Yesterday, I attended a hearing of the House Energy and Power subcommittee of the Energy and Commerce Committee entitled “EPA Enforcement Priorities and Practices.” It really should have been called “The Crucifixion of Al Armendariz”. Except, Dr. Al wisely chose not to attend. This hearing has followed a basic narrative pushed by the House Majority best articulated by the subcommittee’s ranking member Rep. Bobby Rush (D-IL). Instead of calling it the Environmental Protection Agency, we should rename it the Every Problem in America agency. That’s because the House Majority loves to hold hearings where they blame the lagging job market, gas prices, and over dependence on foreign energy on the Clean Water Act, Clean Air Act, Safe Drinking Water Act, and so on. The argument presumably goes: but for those pesky environmental protections, we’d have full employment and free gasoline.
Al Armendariz was, until very recently, the head of EPA Region 6 that includes major energy producing states like Texas and Oklahoma. He’s not a politician- more like a scientist, engineer, college professor type. But Dr. Al ruffled some feathers on December 7, 2010, when Region 6 issued an emergency order against Range Resources amid reports of possible water contamination from Range’s fracking operations. In March of this year, EPA and Range settled the case agreeing to lift the emergency order and continue with a testing and monitoring program. But by this point, Range, the Texas Commission on Environmental Quality (TCEQ) and the Texas Railroad Commission (TX RRC) were furious that the federal government had so impugned Texas sovereignty. Their message: Don’t mess with Texas.
Why not? Range resources hires former military psy-ops teams to track and influence community members they call fracking “insurgents”. Range files slap suits against concerned citizens, subpoenaing personal and financial information as well as names and contact information on folks Range suspects are activists. Range has judges bragging about their industry-friendly rulings in their campaign materials. And so this is the lay of the land in Texas when, in May of 2010, Dr. Al visited with the community of DISH, Texas to discuss EPA’s long-standing enforcement strategy toward environmental violators. Illustrating the concept of deterrence, Dr. Al said the following:
The Romans used to conquer little villages in the Mediterranean. They'd go into a little Turkish town somewhere, they'd find the first five guys they saw and they would crucify them. And then you know that town was really easy to manage for the next few years.
And so you make examples out of people who are in this case not compliant with the law. Find people who are not compliant with the law, and you hit them as hard as you can and you make examples out of them, and there is a deterrent effect there. And, companies that are smart see that, they don't want to play that game, and they decide at that point that it's time to clean up.
And, that won't happen unless you have somebody out there making examples of people. So you go out, you look at an industry, you find people violating the law, you go aggressively after them. And we do have some pretty effective enforcement tools. Compliance can get very high, very, very quickly.

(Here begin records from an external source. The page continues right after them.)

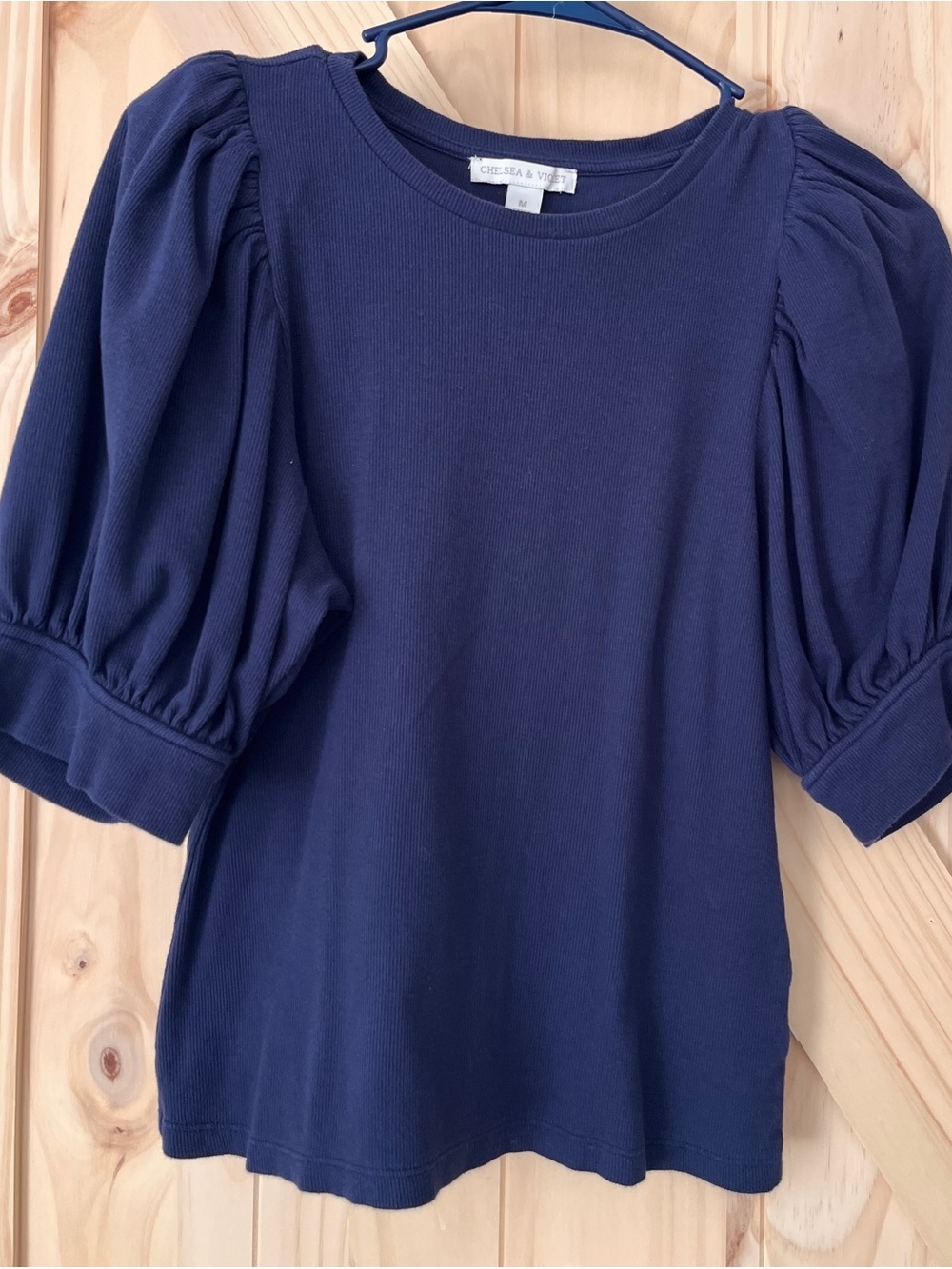 TITLE: Chelsea & Violet Navy Puff Sleeve Ribbed Teeshirt/Blouse Top M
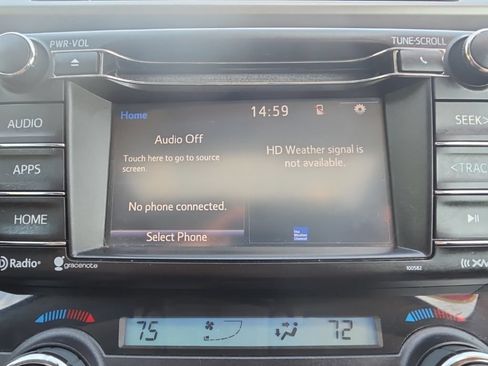 Used 2016 Toyota RAV4 XLE AWD/4WD image 19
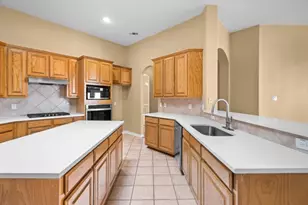 945 Shiprock Rd, Frisco, TX 75033 - Photo 9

That's what these companies respond to is both their public image but also financial pressure. So you put some financial pressure on a company, you get other people in that industry to clean up very quickly.
When the industry chose to target Dr. Armendariz, the indelicate comment about crucifixion resonated through the political echo chamber a lot louder than the comment about deterrence. When the story broke, Dr. Al began receiving death threats and chose to resign. Professor Joel Mintz from Nova Southeastern University law school testified at the hearing that deterrence has always been EPA’s main enforcement strategy. The purpose is to prioritize the biggest polluters with the biggest problems because EPA simply lacks the resources to prosecute every violator. Career bureaucrats make enforcement decisions not political appointees. And the Obama Administration’s EPA has issued fewer enforcement orders than his predecessor during a similar period of time.
Al Armendariz deserved better. We are showing support for a great civic leader, scientist, teacher, and environmentalist by taking pictures of folks with an “I’m an Armendariz” sign. Please send your own pic to imanarmendariz@gmail.com and stand with EPA’s profile in courage.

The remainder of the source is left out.